Only the lines running from the line with "D 25 x W 27 x H 26 cm." to the end of the records below belong in the answer, each copied exactly.

Stored items:
<<<<
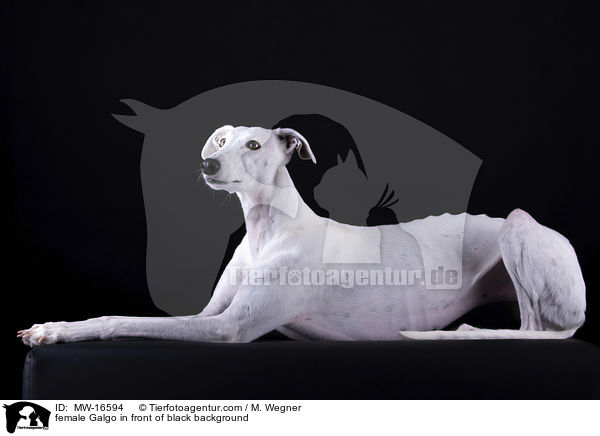 female Galgo in front of black background / MW-16594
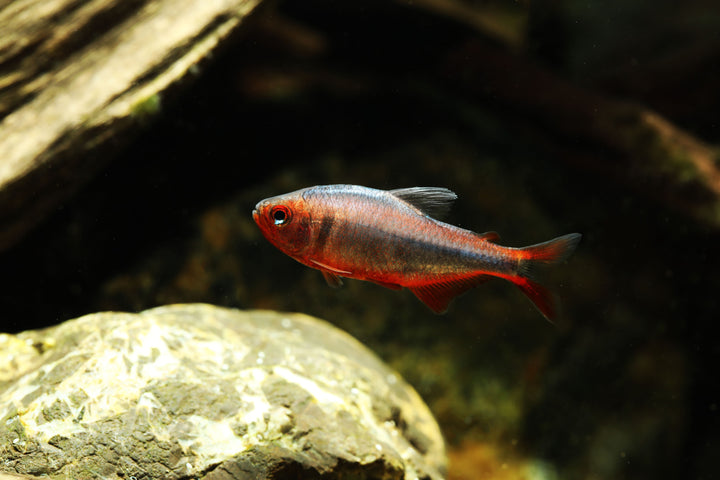 Blueberry Tetra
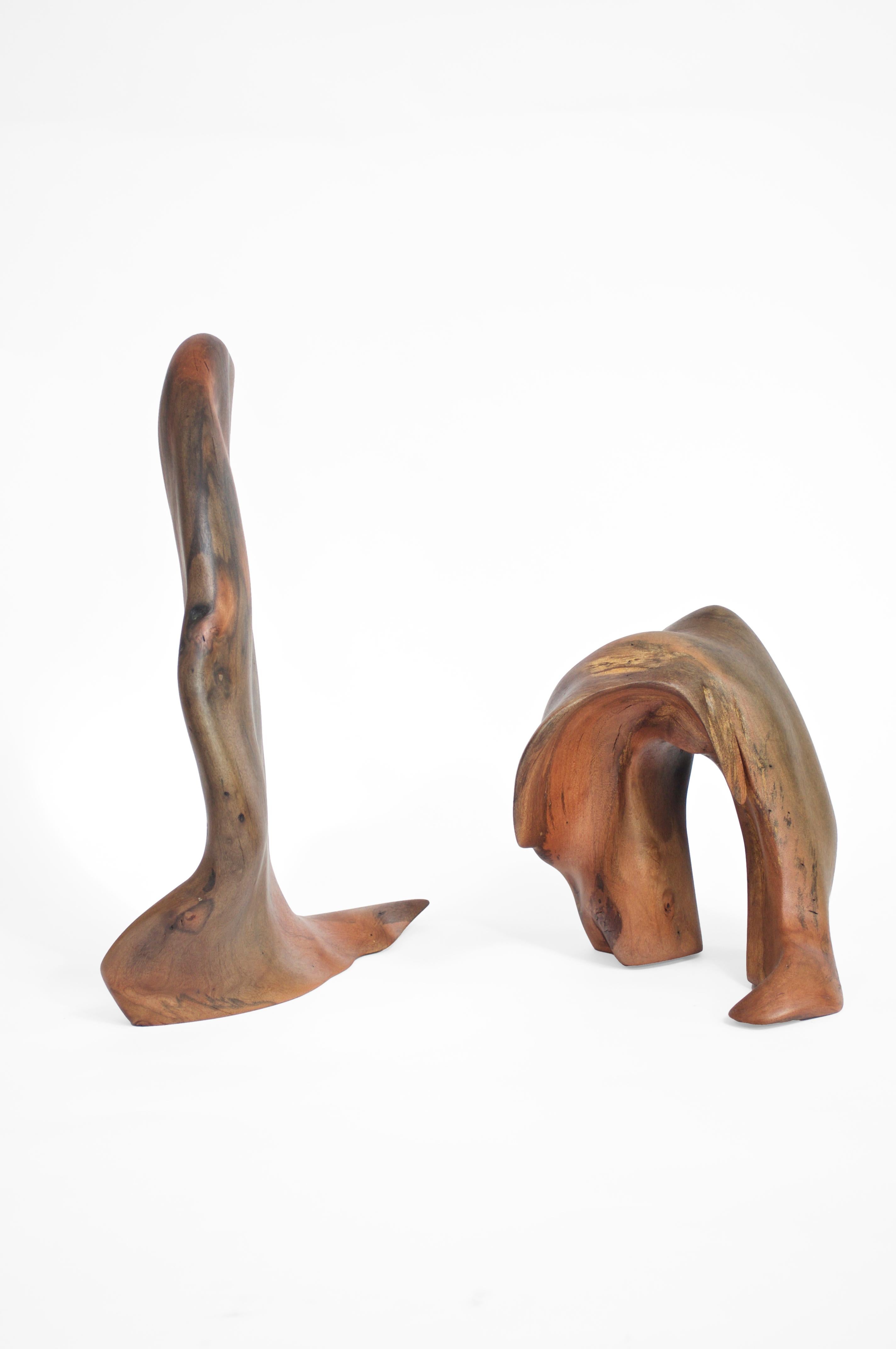 Set Of 2 S1346 Decorative Objects in Tropical Driftwood by Jörg Pietschmann
Dimensions: D 33 x W 17 x H 48 cm. 
D 25 x W 27 x H 26 cm.
Materials: Tropical driftwood.

In Pietschmann’s sculptures, trees that for centuries were part of a landscape and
>>>>
_RESPONSE TO THE EXERCISE_
D 25 x W 27 x H 26 cm.
Materials: Tropical driftwood.

In Pietschmann’s sculptures, trees that for centuries were part of a landscape and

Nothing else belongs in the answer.